In the records below, find the line containing "Renault Megane фейст-лифт - изображение 9", then print it and every following line exactly, through the last, without pictures.

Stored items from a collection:
*** Block opens ***
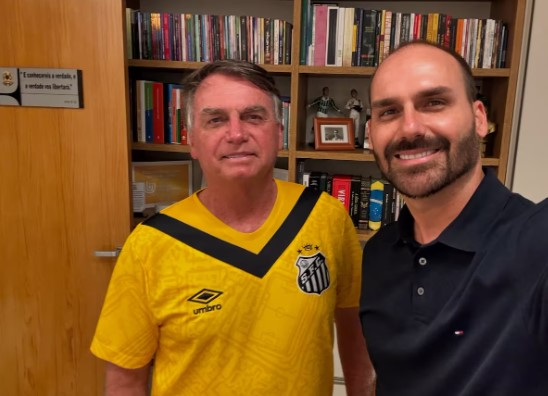Bolsonaro diz que possível apreensão do passaporte de Eduardo visa causar constrangimento bolsonaro-diz-que-possivel-apreensao-do-passaporte-de-eduardo-visa-causar-constrangimento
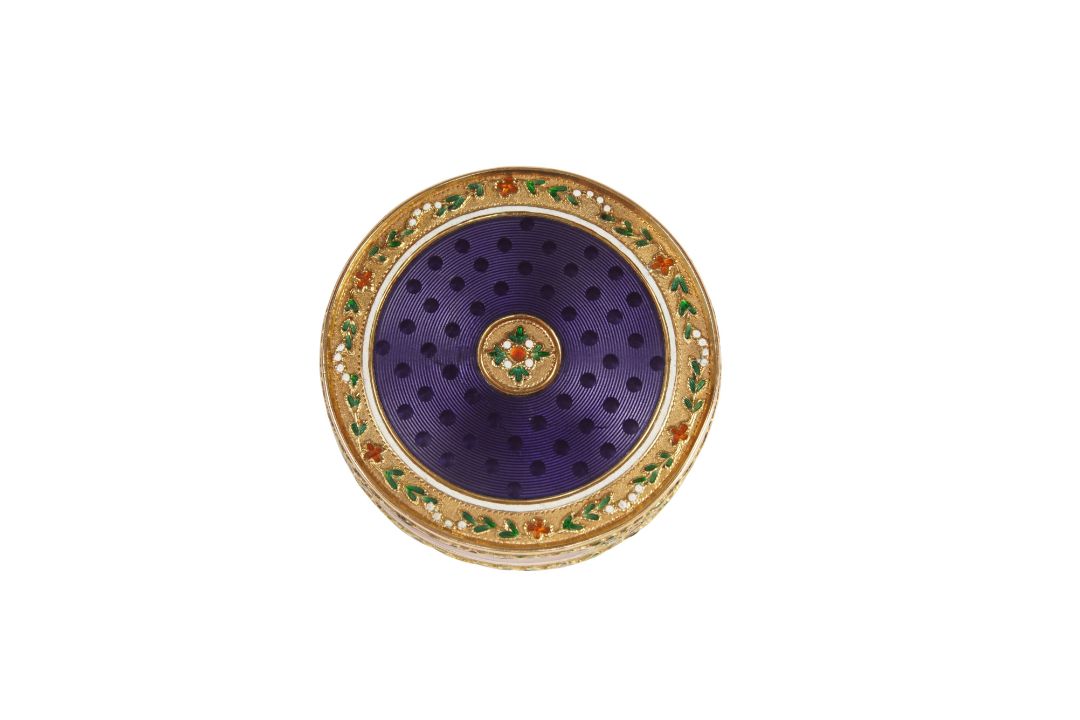 A FINE 18TH CENTURY GOLD AND ENAMEL BONBONNIERE, DANIEL MARCHAND & CO. C. 1785 - Image 2 of 30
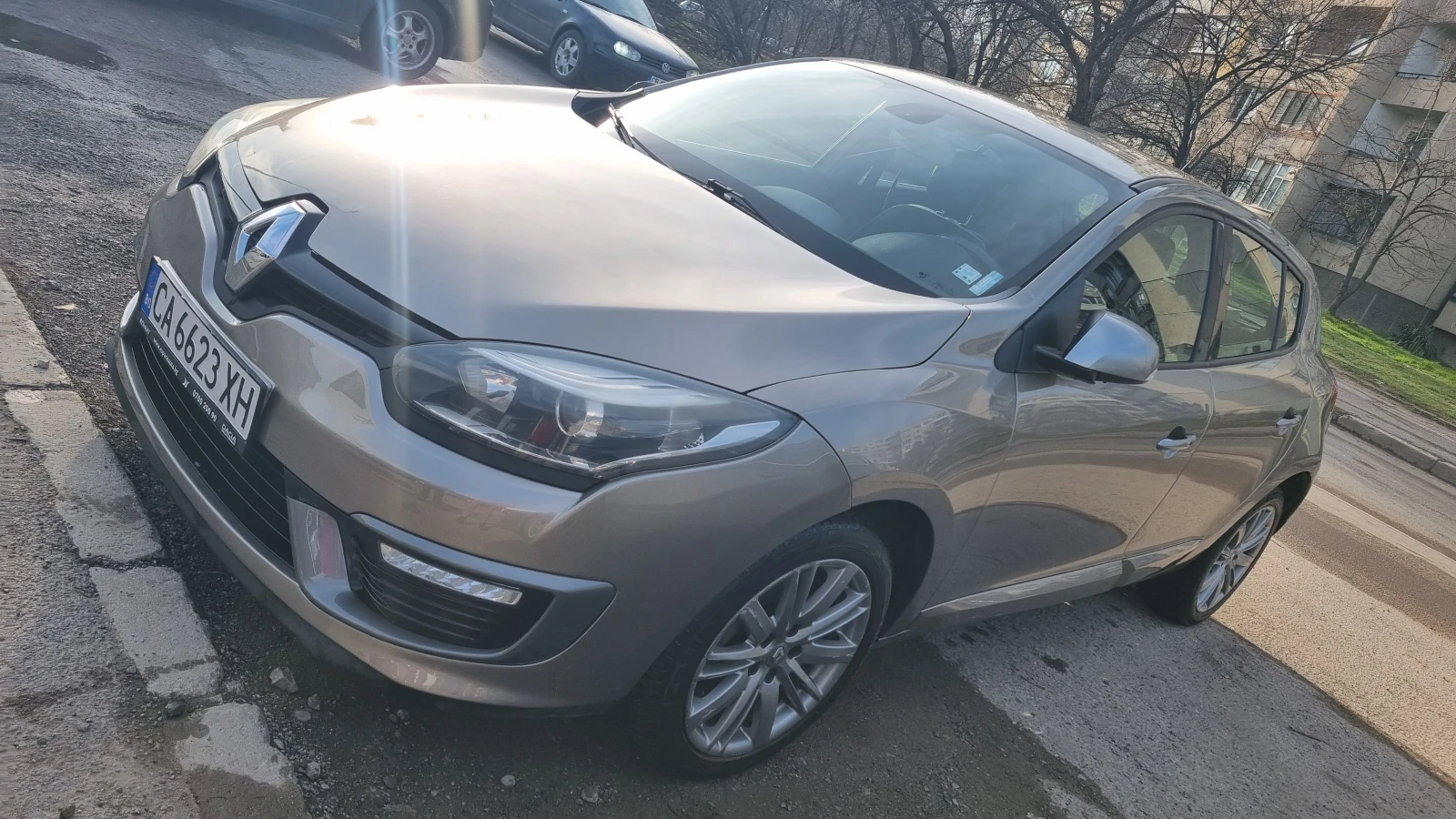 Renault Megane фейст-лифт - изображение 9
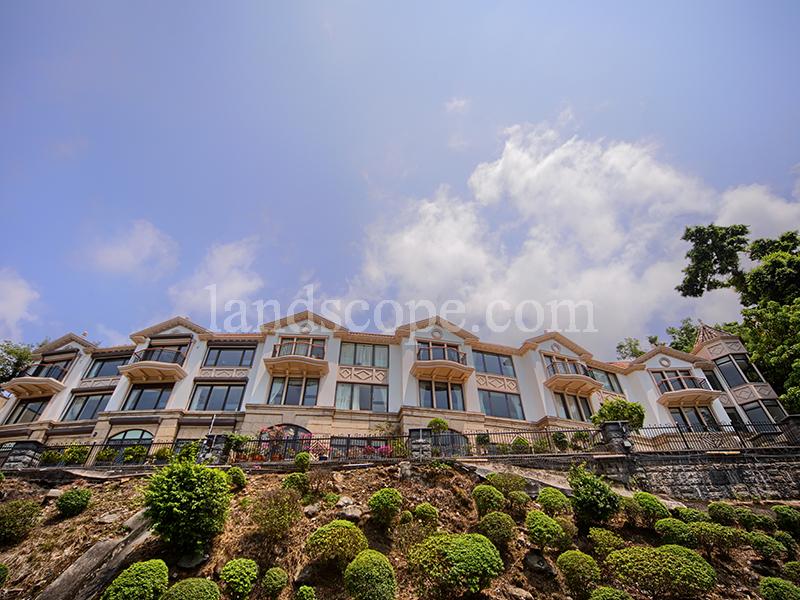 Bay Villas
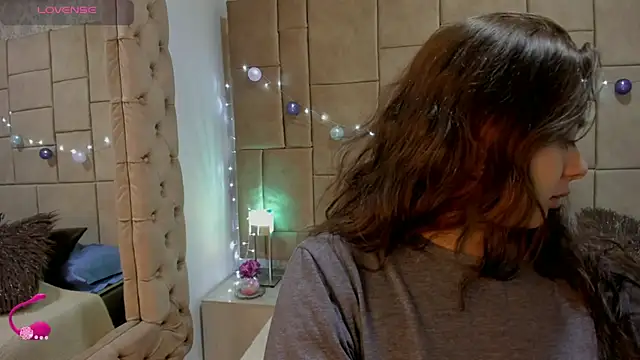 ambar 69  online show from October 2025 04:32:01 AM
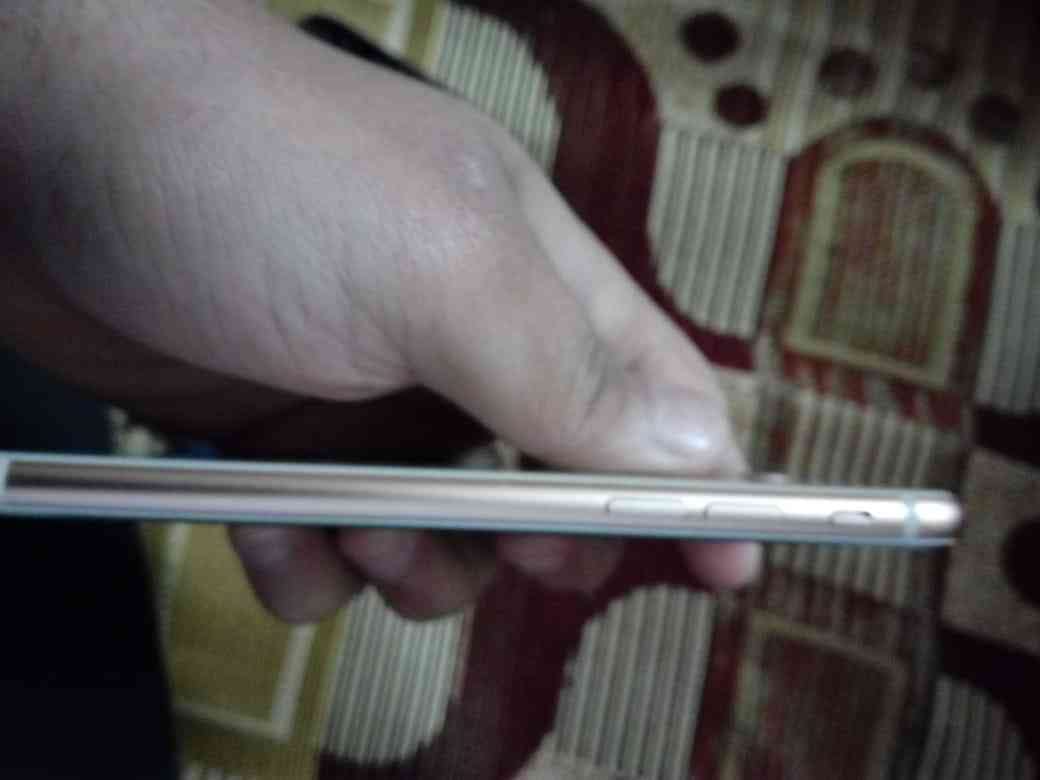 ايفون 8 جولد روز 64g
لا تنسَ أنك شاهدت هذا الإعلان في عنكبوت
تلفون بحالة الجديد معه جميع اغرا...
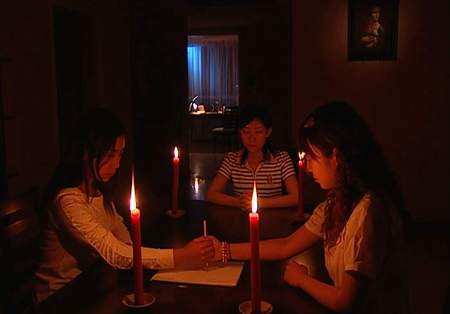 三个大学生玩招灵游戏“笔仙”结果竟惹来这么疯狂的报复！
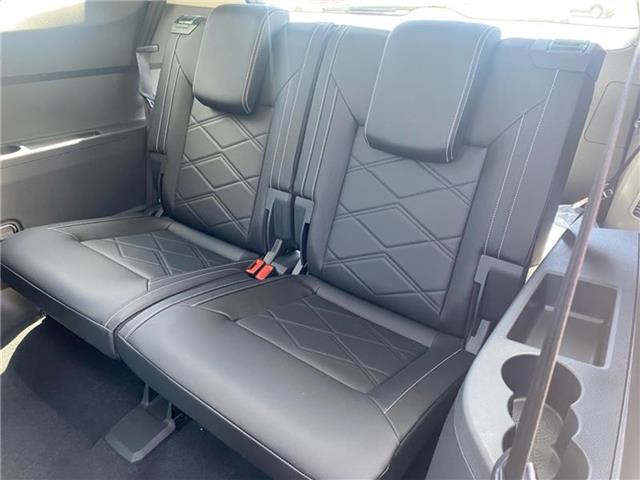 new 2025 Volkswagen Atlas car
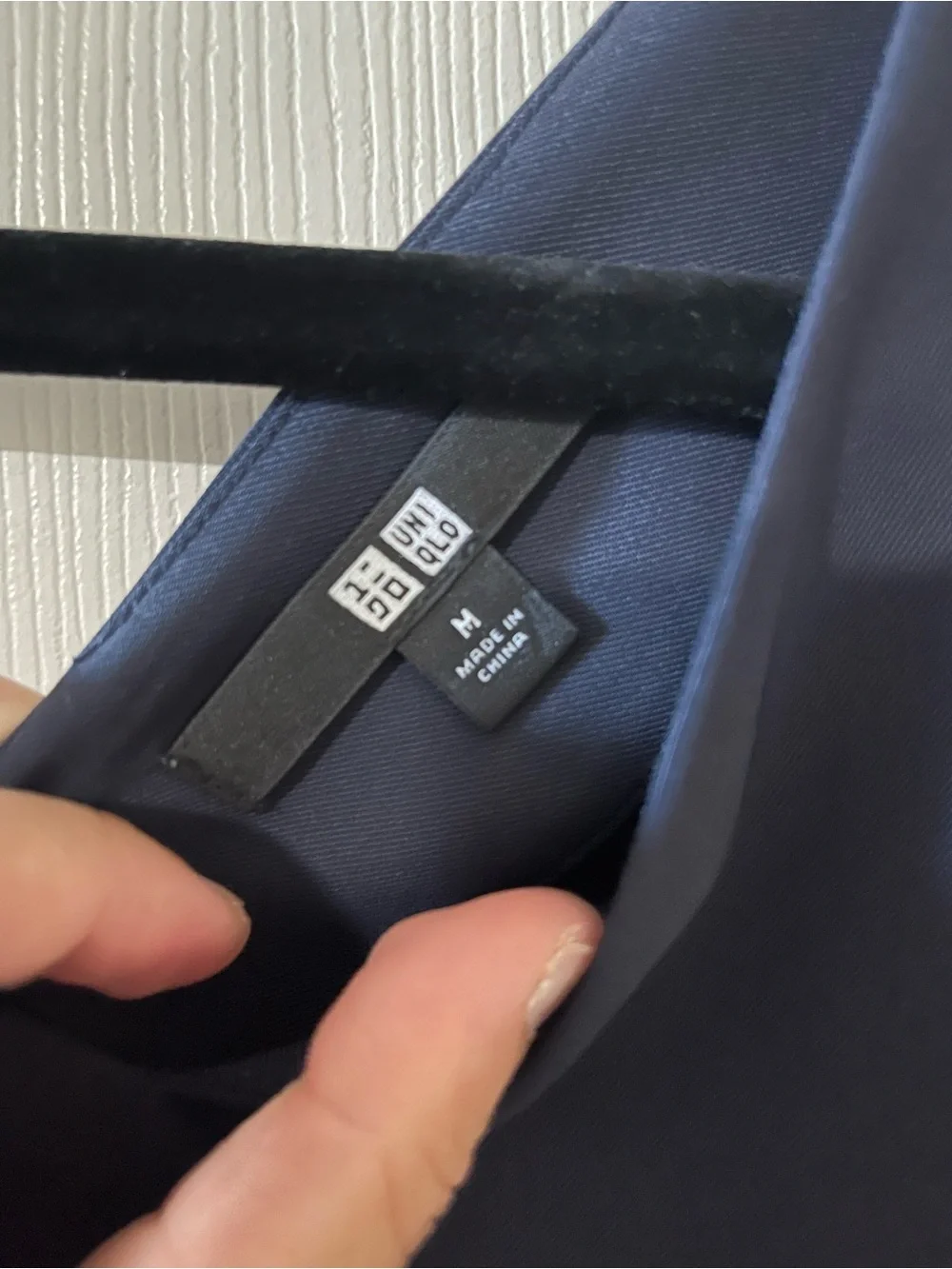 UNIQLO Women’s V-Neck Flutter Sleeve Dress in Navy - Picture 4 of 6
*** Block closes ***
## Answer to this task
 Renault Megane фейст-лифт - изображение 9
 Bay Villas
 ambar 69  online show from October 2025 04:32:01 AM
 ايفون 8 جولد روز 64g
لا تنسَ أنك شاهدت هذا الإعلان في عنكبوت
تلفون بحالة الجديد معه جميع اغرا...
 三个大学生玩招灵游戏“笔仙”结果竟惹来这么疯狂的报复！
 new 2025 Volkswagen Atlas car
 UNIQLO Women’s V-Neck Flutter Sleeve Dress in Navy - Picture 4 of 6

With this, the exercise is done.